Посему будем опасаться, чтобы, когда еще остается обетование войти в покой [katapausis
] Его, не оказался кто из вас опоздавшим. Ибо и нам оно возвещено, как и тем; но не принесло им пользы слово слышанное, не растворенное верою слышавших. А входим в покой мы уверовавшие, так как Он сказал: «Я поклялся в гневе Моем, что они не войдут в покой Мой», хотя дела Его были совершены еще в начале мира. Ибо негде сказано о седьмом дне так: и почил Бог в день седьмой от всех дел Своих.

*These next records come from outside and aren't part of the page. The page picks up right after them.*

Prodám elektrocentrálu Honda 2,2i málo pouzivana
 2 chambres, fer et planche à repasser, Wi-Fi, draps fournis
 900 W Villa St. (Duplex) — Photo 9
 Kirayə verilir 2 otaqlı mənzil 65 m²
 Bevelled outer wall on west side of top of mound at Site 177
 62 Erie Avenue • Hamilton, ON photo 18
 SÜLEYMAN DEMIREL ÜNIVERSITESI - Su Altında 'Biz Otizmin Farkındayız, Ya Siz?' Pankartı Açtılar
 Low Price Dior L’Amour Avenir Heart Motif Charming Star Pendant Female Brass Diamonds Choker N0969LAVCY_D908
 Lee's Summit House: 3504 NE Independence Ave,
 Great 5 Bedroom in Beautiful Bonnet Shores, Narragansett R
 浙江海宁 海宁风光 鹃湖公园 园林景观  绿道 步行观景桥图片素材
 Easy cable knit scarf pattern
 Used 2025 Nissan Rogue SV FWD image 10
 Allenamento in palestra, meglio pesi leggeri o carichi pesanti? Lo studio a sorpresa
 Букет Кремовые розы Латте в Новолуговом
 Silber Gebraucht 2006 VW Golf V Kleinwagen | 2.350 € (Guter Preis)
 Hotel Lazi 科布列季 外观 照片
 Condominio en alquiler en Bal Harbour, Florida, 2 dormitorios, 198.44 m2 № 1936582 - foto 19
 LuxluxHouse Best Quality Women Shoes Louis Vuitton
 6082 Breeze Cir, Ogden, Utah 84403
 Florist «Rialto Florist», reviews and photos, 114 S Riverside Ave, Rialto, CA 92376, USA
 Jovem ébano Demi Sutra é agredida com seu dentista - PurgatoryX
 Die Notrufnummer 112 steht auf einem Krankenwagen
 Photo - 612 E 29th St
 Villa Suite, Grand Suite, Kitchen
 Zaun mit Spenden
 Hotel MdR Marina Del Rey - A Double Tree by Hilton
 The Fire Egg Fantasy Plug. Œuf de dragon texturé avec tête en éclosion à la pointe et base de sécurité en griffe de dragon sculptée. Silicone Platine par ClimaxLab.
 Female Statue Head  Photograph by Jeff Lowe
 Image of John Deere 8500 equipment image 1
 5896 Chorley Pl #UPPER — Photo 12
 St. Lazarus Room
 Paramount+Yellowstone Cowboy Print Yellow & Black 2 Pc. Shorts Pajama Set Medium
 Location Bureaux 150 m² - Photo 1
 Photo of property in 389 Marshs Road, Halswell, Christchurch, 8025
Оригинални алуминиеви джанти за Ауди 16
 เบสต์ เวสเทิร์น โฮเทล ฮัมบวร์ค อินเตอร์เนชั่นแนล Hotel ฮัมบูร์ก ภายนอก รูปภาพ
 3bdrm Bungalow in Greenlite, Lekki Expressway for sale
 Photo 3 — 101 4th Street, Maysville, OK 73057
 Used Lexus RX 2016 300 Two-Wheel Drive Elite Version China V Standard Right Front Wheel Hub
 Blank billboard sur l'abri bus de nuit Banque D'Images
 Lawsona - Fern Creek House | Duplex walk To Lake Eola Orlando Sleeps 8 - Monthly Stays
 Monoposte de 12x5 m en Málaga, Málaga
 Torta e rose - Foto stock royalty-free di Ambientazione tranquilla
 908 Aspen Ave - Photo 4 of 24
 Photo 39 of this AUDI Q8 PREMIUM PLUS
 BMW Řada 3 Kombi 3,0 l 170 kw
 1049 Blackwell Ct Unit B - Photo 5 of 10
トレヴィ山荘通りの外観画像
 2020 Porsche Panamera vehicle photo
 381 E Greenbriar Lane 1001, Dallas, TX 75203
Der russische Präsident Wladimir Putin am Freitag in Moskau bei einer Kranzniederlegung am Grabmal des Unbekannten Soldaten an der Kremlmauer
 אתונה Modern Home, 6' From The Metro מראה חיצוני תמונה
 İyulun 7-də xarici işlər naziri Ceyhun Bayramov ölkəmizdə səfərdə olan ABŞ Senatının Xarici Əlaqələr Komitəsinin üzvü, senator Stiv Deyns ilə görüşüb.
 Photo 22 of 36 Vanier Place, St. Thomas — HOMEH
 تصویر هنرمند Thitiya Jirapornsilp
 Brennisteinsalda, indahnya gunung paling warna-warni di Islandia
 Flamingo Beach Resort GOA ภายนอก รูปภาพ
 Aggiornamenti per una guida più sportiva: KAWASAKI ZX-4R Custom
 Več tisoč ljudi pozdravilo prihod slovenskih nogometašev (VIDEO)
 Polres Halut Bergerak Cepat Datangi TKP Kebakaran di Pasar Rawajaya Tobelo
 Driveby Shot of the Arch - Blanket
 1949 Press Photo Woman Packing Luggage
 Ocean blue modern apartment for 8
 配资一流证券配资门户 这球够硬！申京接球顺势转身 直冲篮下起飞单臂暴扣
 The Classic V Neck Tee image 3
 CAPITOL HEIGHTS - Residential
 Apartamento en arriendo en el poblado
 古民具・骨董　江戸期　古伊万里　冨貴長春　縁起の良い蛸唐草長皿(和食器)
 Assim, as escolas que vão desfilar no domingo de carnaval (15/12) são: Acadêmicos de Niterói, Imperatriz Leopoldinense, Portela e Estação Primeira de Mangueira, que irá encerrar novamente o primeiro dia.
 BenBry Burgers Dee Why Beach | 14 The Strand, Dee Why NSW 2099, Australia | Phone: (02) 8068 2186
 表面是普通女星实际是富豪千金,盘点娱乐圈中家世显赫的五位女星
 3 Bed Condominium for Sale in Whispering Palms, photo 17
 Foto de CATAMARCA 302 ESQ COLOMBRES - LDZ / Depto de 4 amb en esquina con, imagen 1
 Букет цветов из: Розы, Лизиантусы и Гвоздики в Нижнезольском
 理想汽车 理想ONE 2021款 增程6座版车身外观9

И еще здесь: «не войдут в покой Мой». Итак, как некоторым остается войти в него, а те, которым прежде возвещено, не вошли в него за непокорность, то еще определяет некоторый день, «ныне», говоря через Давида, после столь долгого времени, как выше сказано: «ныне, когда услышите глас Мой, не ожесточите сердец ваших». Ибо если бы Иисус Навин доставил им покой, Бог не сказал бы после того о другом дне. Посему для народа Божия еще остается субботство. Ибо, кто вошел в покой Его, тот и сам успокоился от дел своих, как и Бог от Своих[252]. [Евр. 4:1–10.]Христианское представление о Царстве глубоко отмечено связью, которую Павел, развивая библейский и раввинский мотив, устанавливает между эсхатологическим ожиданием, субботой и бездеятельностью. В своем «Толковании на Послание к Евреям» Иоанн Златоуст радикальным образом отождествляет бездеятельность, субботство и Царство небесное: «Павел не сказал „бездеятельность“, но „субботство“, то есть употребил имя собственное, разумея под субботством царство» (Hom. Heb. 6. 3, PG., 63); «Ведь что есть бездеятельность [katapausis
], как не царство небесное [basileia tōn ouranōn], которого образ и подобие есть суббота [eikōn kai typos]?» (Ibid. 6. 1). Субботство дает имя эсхатологической славе, которая в своей сущности и есть бездеятельность. В «Климентинах» – тексте, испытавшем серьезное влияние иудео-христианской традиции, – сам Бог определяется как суббота и бездеятельность. В одном теологически насыщенном отрывке, присвоив Богу имя «ничто» (to ouden) и сопоставив его с пустотой, автор пишет: «Такова тайна субботы [hebdomados mystērion]; ведь Он есть бездеятельность всех вещей [tōn holōn anapausis]» (Hom., 17, 10, 1 PG, 2, 9). И вновь у Псевдо-Дионисия – в отрывке, который мы процитировали в связи с гимнологией, – слава, гимнодия и бездеятельность тесно связаны друг с другом, а гимны ангелов определяются как «божественные места теархической бездеятельности» [theioi topoi tēs thearchikēs… katapauseōs] (C. H. 7, 57, PG, 3, 211).Именно у Августина эта тема обретает статус проблемы, притом теологической проблемы первостепенного значения, а именно проблемы вечной субботы («sabbatum non habens vesperam», «субботы, не имеющей вечера»), которую он освещает в великолепном, волнующем заключительном пассаже своего трактата о «Граде Божьем», в котором воплотилось его самое зрелое размышление о теологии и о политике. С самого начала проблема представлена с абсолютной ясностью, во всей ее простоте: «Чем будут заняты блаженные в своих бессмертных и духовных телах [Quid acturi sint in corporibus immortalibus atque spiritialibus sancti
]?» (Civ. 22, 29). Августин понимает, что в данном случае невозможно говорить ни о «действии», ни об otium и что проблема конечной бездеятельности творений превосходит понимание как людей, так и ангелов. Здесь центральной проблемой оказывается «покой Господа, который, как сказал апостол, превыше всякого разумения» (Ibid.).